● What you will do:
Nothing outside the range below should be printed. Output exactly the lines from the line with "Morphett Place Cafe" to the line with "Lampa 20 LED 2 kom za rast biljaka", both included.

● Data in this exercise:
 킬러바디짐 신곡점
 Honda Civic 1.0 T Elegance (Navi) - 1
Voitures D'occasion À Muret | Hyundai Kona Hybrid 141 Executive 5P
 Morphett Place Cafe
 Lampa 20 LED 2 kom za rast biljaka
...
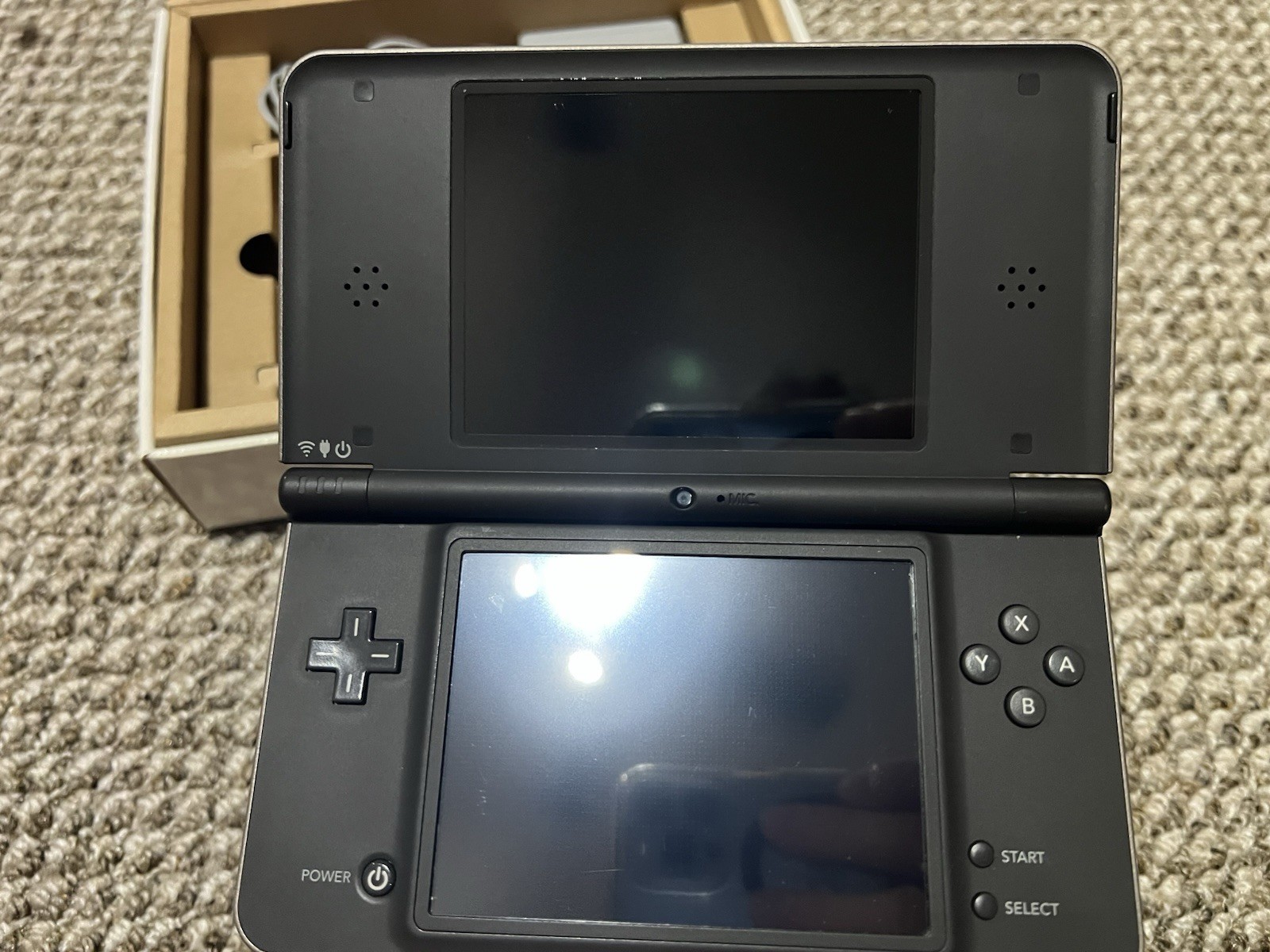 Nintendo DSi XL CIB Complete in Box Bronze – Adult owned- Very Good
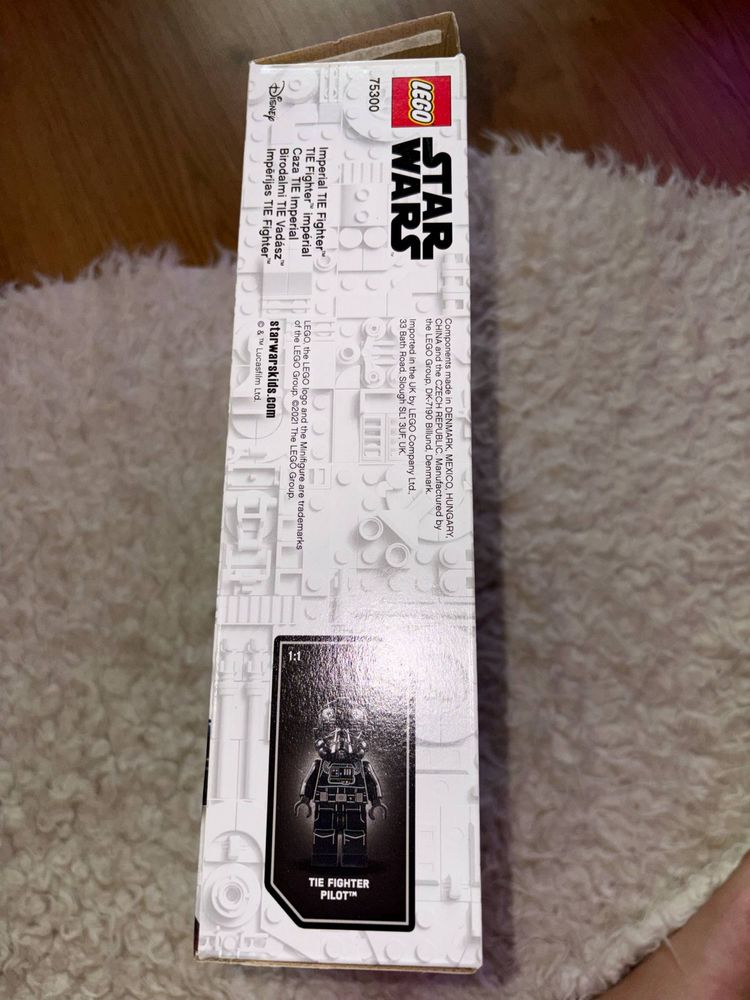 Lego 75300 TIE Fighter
...
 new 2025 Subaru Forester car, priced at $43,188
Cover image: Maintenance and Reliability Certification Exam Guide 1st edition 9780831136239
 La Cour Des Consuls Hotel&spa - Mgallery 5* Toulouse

● Exercise response:
 Morphett Place Cafe
 Lampa 20 LED 2 kom za rast biljaka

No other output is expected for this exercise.